The Ecology of Humans (57) Spices


A spice is some portion of a plant primarily employed for flavoring, coloring, or preserving food. A spice is often pungent or aromatic.

Several spices were among the earliest cultivated plants. This illustrates how people in prehistory understood nutritional value – something that has been largely lost by most people in modern civilization.

The 4 most expensive spices by weight are: saffron, vanilla, cardamom, and Ceylon cinnamon (not the more common Chinese cinnamon (cassia) that is so familiar).
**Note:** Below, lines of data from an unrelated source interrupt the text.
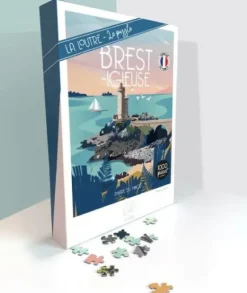 BREST-igieuse - Phare du Minou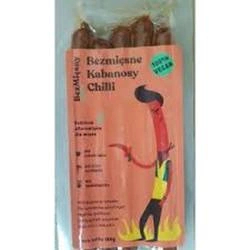 Bastoncini vegani al peperoncino 160 g – Senza carne, ma carnosi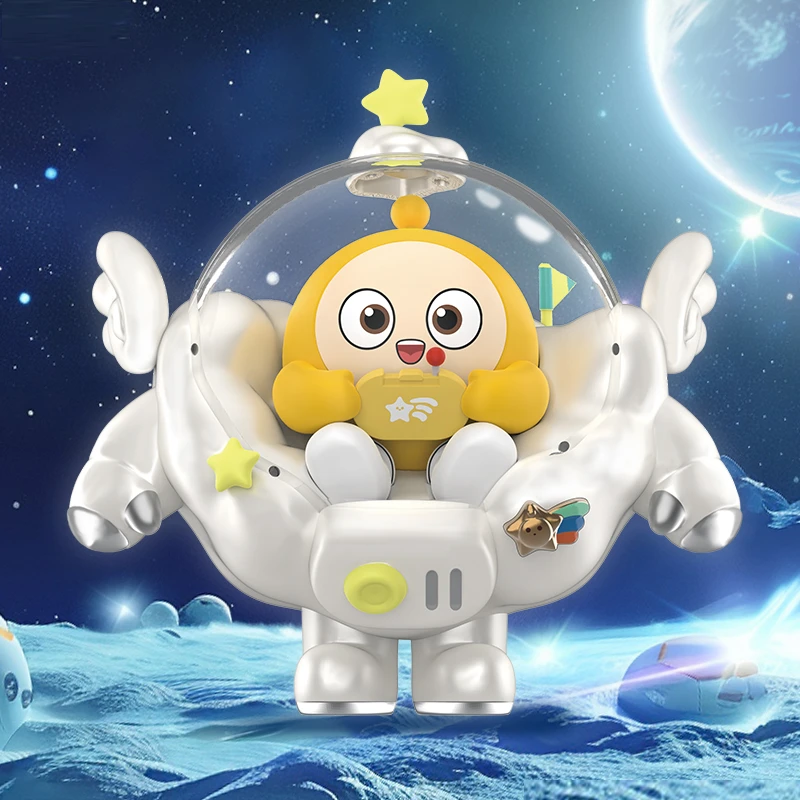 TOP TOY《蛋仔派对》积木换装蛋仔系列 益智拼接 趣味周边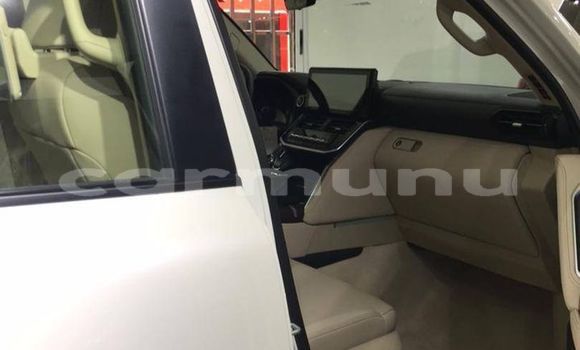 Acheter Neuf Voiture Toyota Origin Blanc à Brazzaville, Commune de Brazzaville Acheter Neuf Voiture Toyota Origin Blanc à Brazzaville, Commune de Brazzaville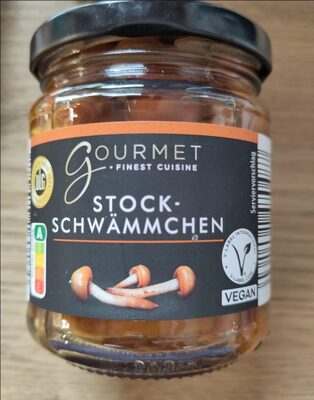 Stockschwämmchen front packaging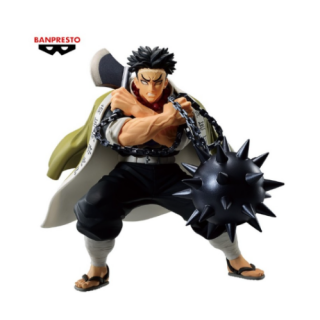 Φιγούρα Banpresto Demon Slayer - Vibration Stars - Gyomei Himejima (16cm)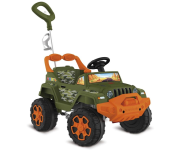 Banjipe Passeio & Pedal – Bandeirante Smart – (Camuflado) na Amazon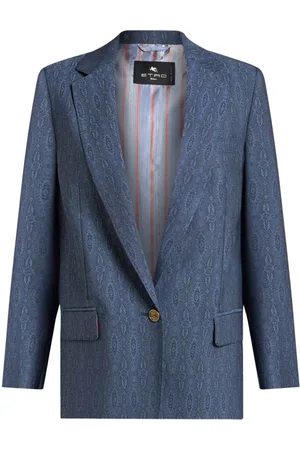 Etro Blazer in lana
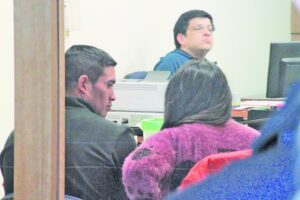 A prisión imputado que desató su ira contra su conviviente y una niña de siete años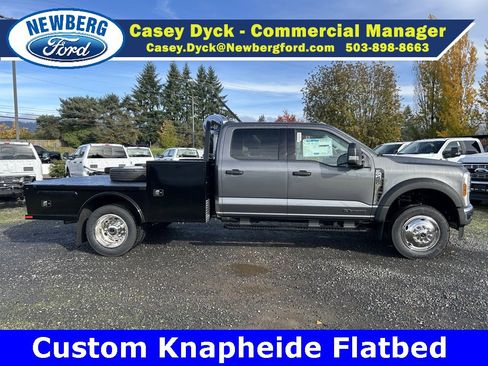 New 2026 Ford F450 XLT w/ XLT Value Package image 5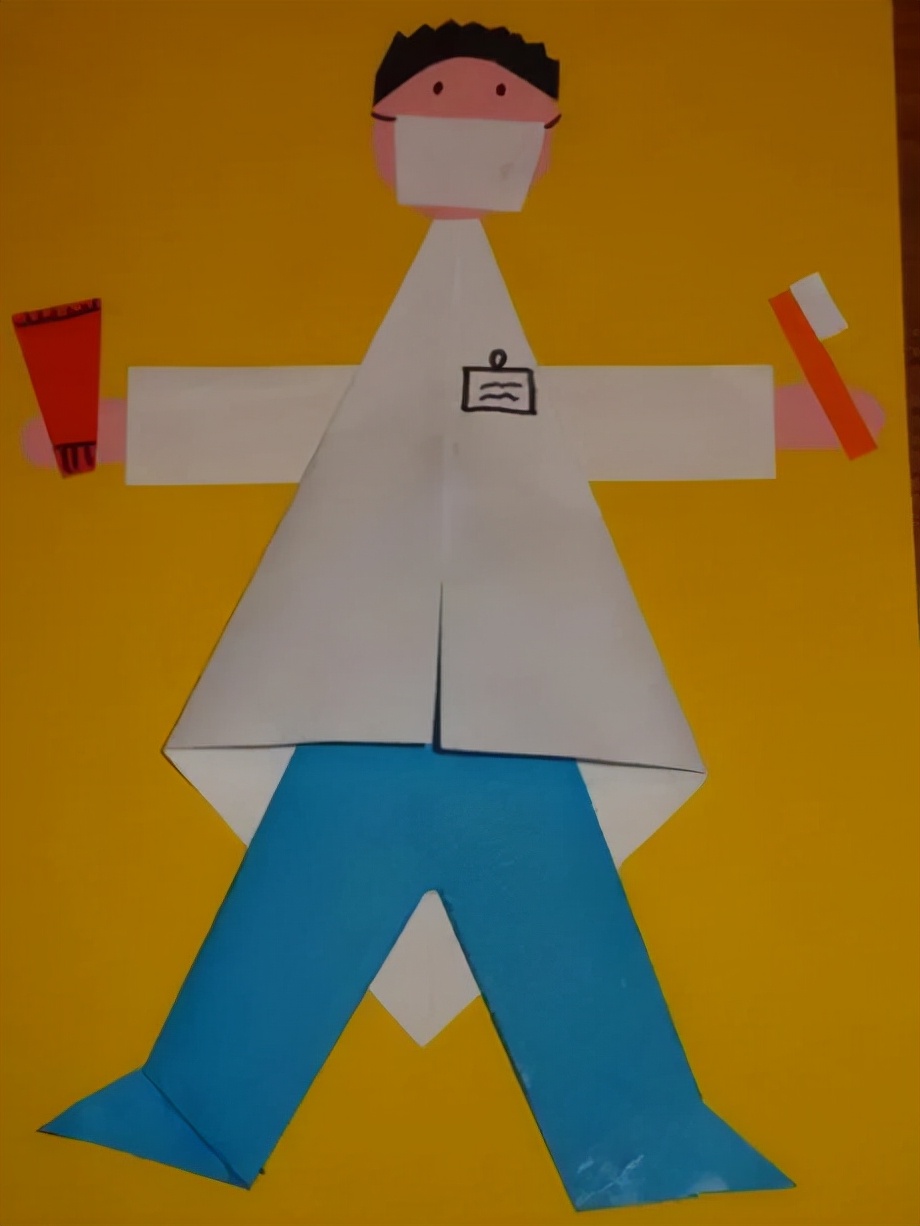 致敬劳动者手工小礼物,关于感恩主题的精致手工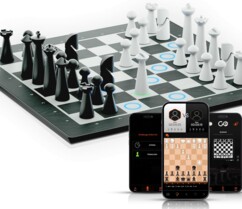 Jeu d'échecs connecté GoChess Mini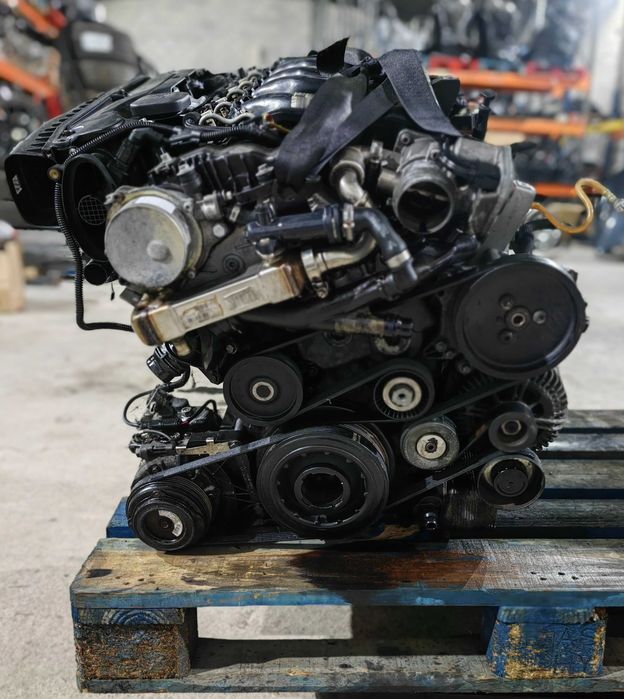 Motor BMW serie 3/5/6 E9X/E60X  330/335/530/535 306D3 e D5 235 e 286 cv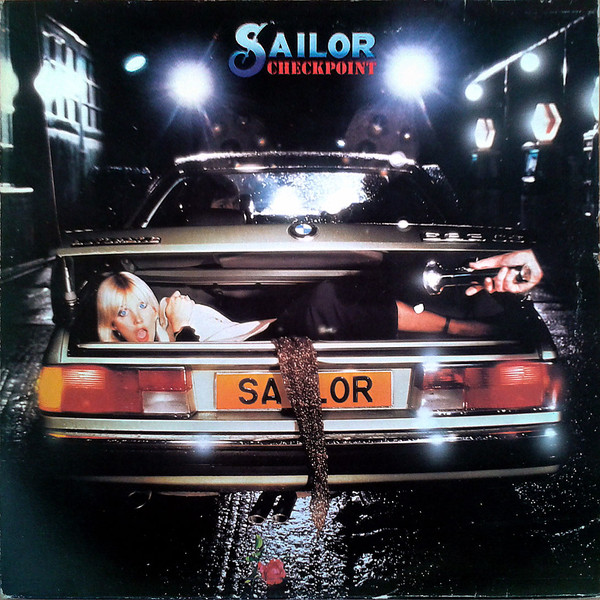 Sailor - Checkpoint (LP, Album)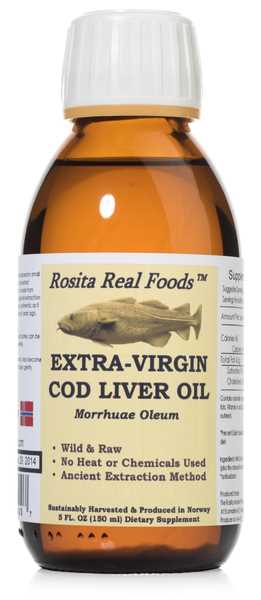 Tips for Cooking with Cod Liver Oil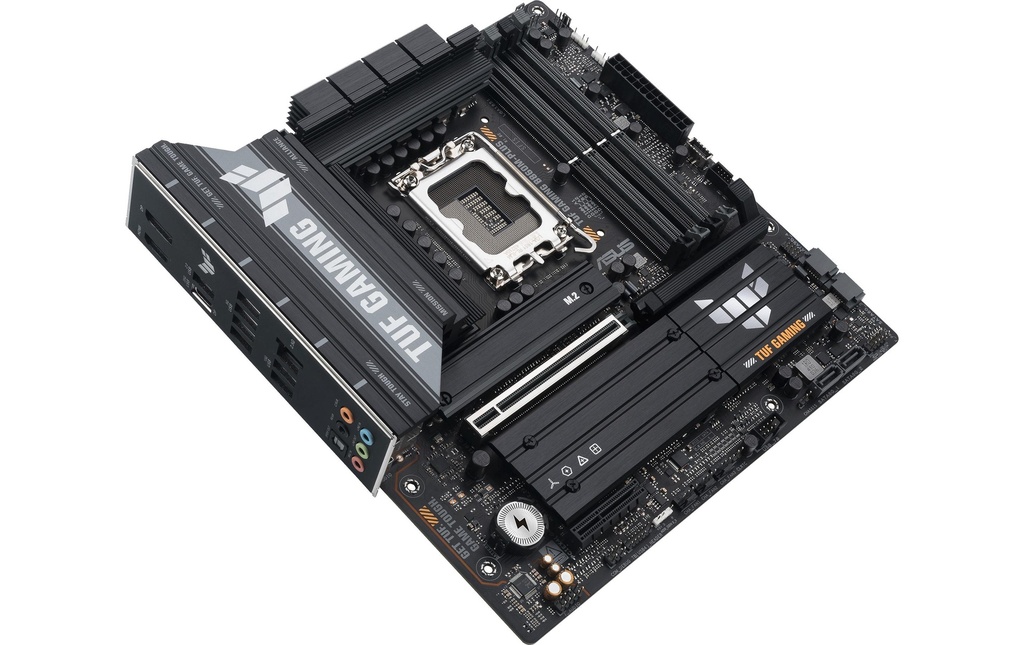 ASUS TUF GAMING B860M-PLUS, mATX-4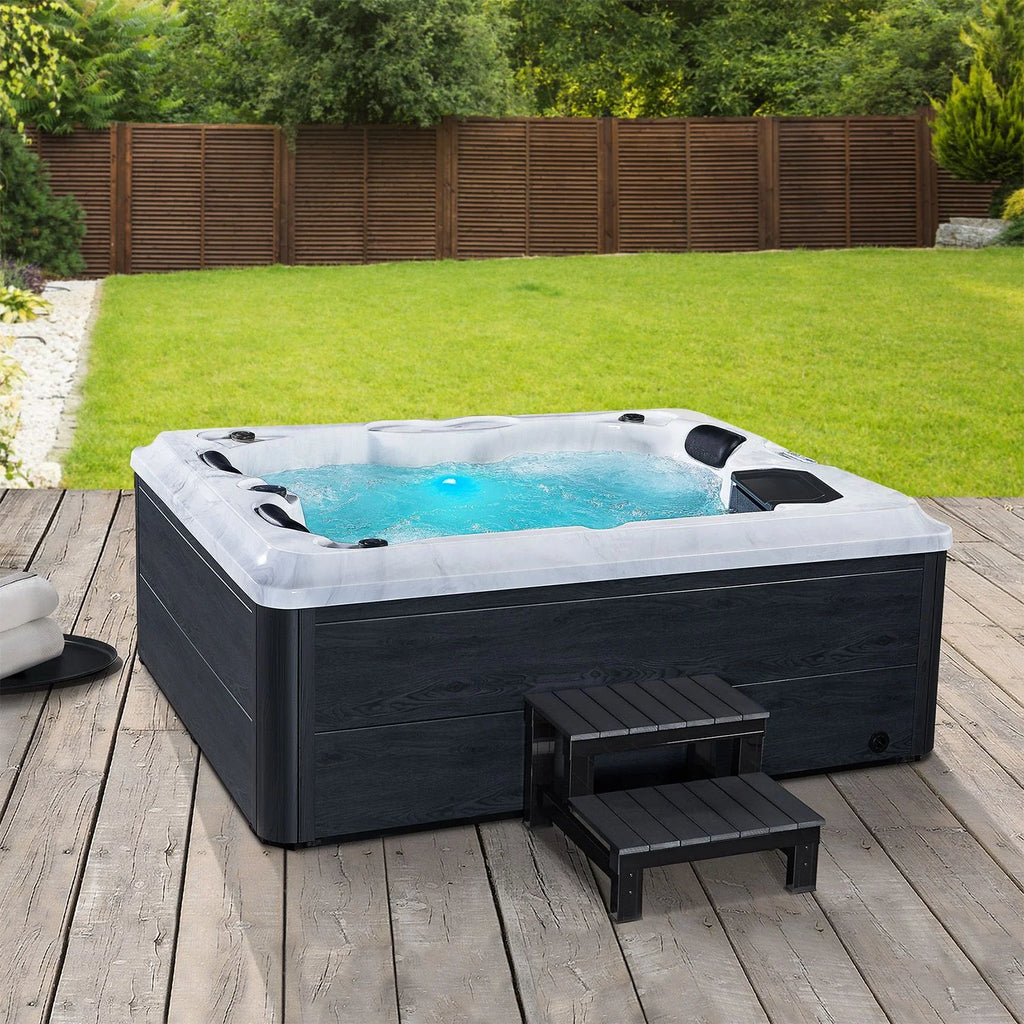 2025 Spa exterior Oasis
Though it is likely spices have been used in cooking for well over 250,000 years, the earliest certain evidence of their service comes from a pot of stew made in Demark 6,100 years ago, where the cook put in some garlic mustard seed and failed to clean the pot enough to thwart later anthropologists. Various sites around the world show salt being extracted around that time, ostensibly for use with food.

The spice trade sewed different peoples together throughout the Mediterranean and nearby lands. Spices were a high-value commodity along the Silk Road, where East met West over 2,000 years ago.

The ancient Egyptians were well acquainted with a variety of spices: salt, cumin, anise, marjoram, cassia, and other exotic substances, some from trade with India. The preservative power of salt was used in making mummies.

The French never forgot the lesson. To enforce the law against suicide, a 1670 revision to the criminal code decreed that the bodies of suicides be salted, brought before a judge for conviction, and put on public display. Notorious criminals that expired in the miserable French prisons of the day would be salted and brought to trial.